Il a le blues, Boisseau. Un coup de cafard, une méchante déprime. Est-ce les jours qui se font plus courts ? L’automne qui pointe le nez ? Le buis qui fane ? Va savoir. En tout cas, le bon vieux Dom’ ne croit plus aux parkings et à la bagnole.
Le chantre de la pierre d’Etrochey, le rossignol de la requalification, le thuriféraire des parkings a donc perdu la foi. Interrogé, lors du dernier conseil municipal par Philippe Beury sur l’ouverture aux salariés du capital de TPA [1], Boisseau a expliqué qu’il lui semblait aujourd’hui risqué de faire participer les salariés au capital de cette entreprise. Pourquoi ? Parce que, selon lui, l’avenir de l’automobile et du stationnement est incertain. C’est pas moi, l’écolo incompétent qui le dit, c’est Boisseau, un mec sérieux, avec un costume et des cheveux blancs, qui évidemment ne dit jamais de conneries ! En gros, dit Boisseau, investir dans TPA, alors que le pétrole va bientôt disparaître, c’est un peu comme jouer à la roulette russe avec 5 balles dans le barillet. Peu de chance de retrouver ses billes !

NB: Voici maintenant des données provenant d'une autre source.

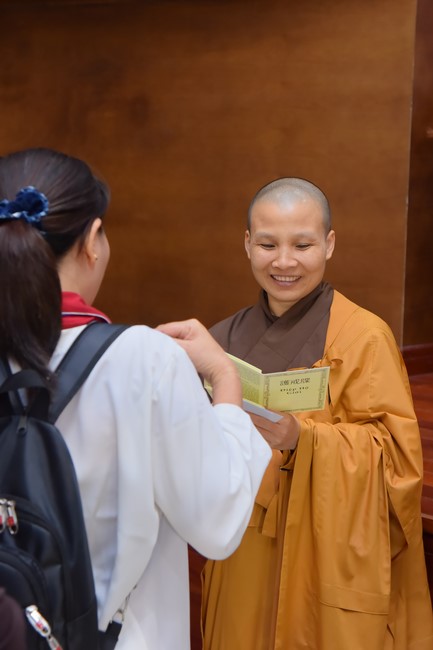 Fourth day closing the Retreat Establishing communication in the family - Solving knots, reconnecting deep love of Plum Village.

Boisseau écolo ? ça stimule le cortex cérébral
A cet instant, j’avoue m’être frénétiquement trémoussé de plaisir sur ma chaise, assis parmi le public de ce conseil. Boisseau écolo ? C’est comme si Carsenti et Myara s’intéressaient à autre chose qu’aux budgets abscons et faisaient un peu plus de politique ! C’est comme si Beury faisait une intervention de moins de 20 minutes ! C’est comme si Baroin devenait aimable avec Sydor ! Ça surprend, ça vous redonne goût à la chose publique. Ça stimule le cortex cérébral quand ça arrive !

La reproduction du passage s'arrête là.